Al duca Giovanni Maria Varano spettò il merito di aver posto fine alle liti che per anni avevano creato problemi riguardo la proprietà di Macereto, grazie alla sua sentenza del 21 agosto 1521. Egli si recò direttamente sul posto, interrogò testimoni, esaminò documenti e pronunciò il suo verdetto: il territorio in cui si sorgeva il piccolo sacello apparteneva al territorio di Visso.

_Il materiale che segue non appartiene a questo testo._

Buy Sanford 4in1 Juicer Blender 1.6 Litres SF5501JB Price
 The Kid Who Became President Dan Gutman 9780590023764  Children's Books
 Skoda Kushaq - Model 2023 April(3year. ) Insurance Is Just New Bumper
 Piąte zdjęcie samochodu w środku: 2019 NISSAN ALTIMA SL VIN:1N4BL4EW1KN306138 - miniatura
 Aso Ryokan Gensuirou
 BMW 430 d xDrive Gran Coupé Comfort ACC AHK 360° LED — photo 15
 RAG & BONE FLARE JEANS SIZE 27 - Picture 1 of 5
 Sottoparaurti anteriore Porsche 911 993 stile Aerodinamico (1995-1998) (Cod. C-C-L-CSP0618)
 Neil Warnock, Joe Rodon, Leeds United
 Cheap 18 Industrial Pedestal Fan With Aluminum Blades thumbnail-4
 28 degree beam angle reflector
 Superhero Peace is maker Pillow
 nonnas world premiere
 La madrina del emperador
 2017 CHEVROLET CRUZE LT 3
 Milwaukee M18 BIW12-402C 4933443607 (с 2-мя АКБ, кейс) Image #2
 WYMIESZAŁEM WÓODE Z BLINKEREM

Una volta stabiliti i confini, l’idea di un grande tempio che racchiudesse l’originaria chiesetta prese forma. I lavori di costruzione iniziarono nel 1527; l’incarico venne affidato a una corporazione di maestri, architetti, tagliapietre e scultori lombardi che da tempo vivevano a Visso. Maestro Giovanni Battista da Lugano è considerato tradizionalmente l’architetto dell’edificio sacro. Egli morì nel 1539 cadendo dall’impalcatura posta a sostegno della muratura nell’interno del tempio. Le sue ossa sono custodite dietro una lapide a destra dell’ingresso principale. Alla sua morte la fabbrica era arrivata soltanto all’altezza degli arconi di sostegno della cupola, rivelandosi la migliore qualità costruttiva dell’edificio. Tra il 1563 e il 1564 iniziò l’erezione della torre campanaria, ma i lavori furono bloccati prima del termine a causa di un crollo dovuto a un cedimento del terreno. Per via di questo inconveniente vennero fatte delle opere di consolidamento e il campanile fu portato all’altezza del tetto del resto della fabbrica; oggi ospita la sagrestia. È così che nacque quel poligono irregolare che si aggiunge alla pianta centrale della struttura, decorato con pilastri, capitelli e trabeazione analoghi al resto del santuario.